“El prófugo” de Natalia Meta: notable transposición de la novela de C. E. Feiling
Luego de su ópera prima, Muerte en Buenos Aires (2014), era difícil predecir qué camino tomaría la incipiente filmografía de Natalia Meta. Demasiado industrial para señalar rasgos “autorales”, aquella película resultó una buena carta de presentación que también contó con el acompañamiento del público. Fue, en definitiva, un debut con un exponente del género policial al que se le adosaron algunas singularidades, principalmente condensadas en la exploración del ambiente gay de un Buenos Aires en la década del ’80. Su segundo opus ratifica su eficacia para la construcción de climas, pero en esta oportunidad redobla la apuesta; El prófugo (2020) resulta un meticuloso relato sobre el límite entre el sueño y la vigilia, la cordura y la locura, que encuentra en la corporalidad de Érica Rivas todo el pathos que una actriz de su temple es capaz de ofrecer.
La secuencia inicial nos muestra a Inés (Rivas) en pleno trabajo de doblaje en castellano neutro de una película oriental, en lo que parece ser un encuentro sadomasoquista. La tonalidad de la imagen, la sensación de extrañamiento del lenguaje y la multiplicación del filme doblado en el vidrio que la separa del operador funcionan como signos de la materialidad con la que trabajará El prófugo. Realidad y fantasía. O, tal vez, intromisión de una realidad alterna en la vida de una mujer que reparte su tiempo entre el trabajo y lo que se supone que es su vocación: el canto lírico en un coro.
Inmediatamente después del comienzo, la película se interna en la vida amorosa de Inés; le alcanzan un par de diálogos y actitudes de su novio (interpretado por Daniel Hendler) para mostrar que se trata de una relación que no funciona, debido a la conducta controladora e invasiva que ella tiene que soportar. Un viaje a una playa paradisíaca y una tragedia hasta entonces impensada define un cambio brusco en el devenir de los hechos, con la aparición del título ya avanzado el metraje.
Ya de nuevo en Buenos Aires, Inés empezará a desarrollar un problema en su voz, lo cual implica conflictos con su trabajo y con su espacio de expresión artística. La aparición de un personaje diametralmente opuesto al que fue su novio (un afinador de instrumentos interpretado con meticulosa gracia por Nahuel Pérez Bizcayart) suma elementos de extrañeza en este thriller psicológico, que lo es no sólo por indagar en la subjetividad de su personaje principal, sino por trabajar sobre lo disruptivo, elemento que pone al espectador en la necesidad de entender qué es lo que está viendo cuando todo lo estable deviene inestable.
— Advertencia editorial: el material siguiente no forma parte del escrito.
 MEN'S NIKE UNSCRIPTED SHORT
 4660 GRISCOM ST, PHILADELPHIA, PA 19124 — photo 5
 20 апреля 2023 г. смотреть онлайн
La llegada de su madre (Cecilia Roth), lejos de cumplir con el objetivo de traer algo de paz y compañía, opera como una nueva intrusión en su esfera cotidiana (una más).
El prófugo, transposición de la novela de culto de C. E. Feiling, El mar menor, consigue desprenderse de aquel texto y, al mismo tiempo, enaltecerlo con una verdadera operación de reescritura. Meta se toma todas las libertades narrativas para profundizar su propuesta estética, en donde en la escisión entre lo real y lo aparente cobra espesor el diseño de sonido. Y en ese terreno cuenta con el talentoso aporte de Guido Berenblum, al que se le suman los meticulosos trabajos en arte de Ailín Chen y en fotografía de Bárbara Álvarez. El universo de la película se nutre del giallo, pero también de algunas películas de Brian de Palma como Blow out (1981) o Femme fatale (2002). No obstante, más allá de estas influencias El prófugo resulta una película pletórica en ideas, con una identidad que queda impregnada luego de su visionado porque, al igual que Inés, el espectador también se desconcierta pero no puede dejar de ver y de oír, por más que las imágenes y los sonidos no encuentren un referente inmediato.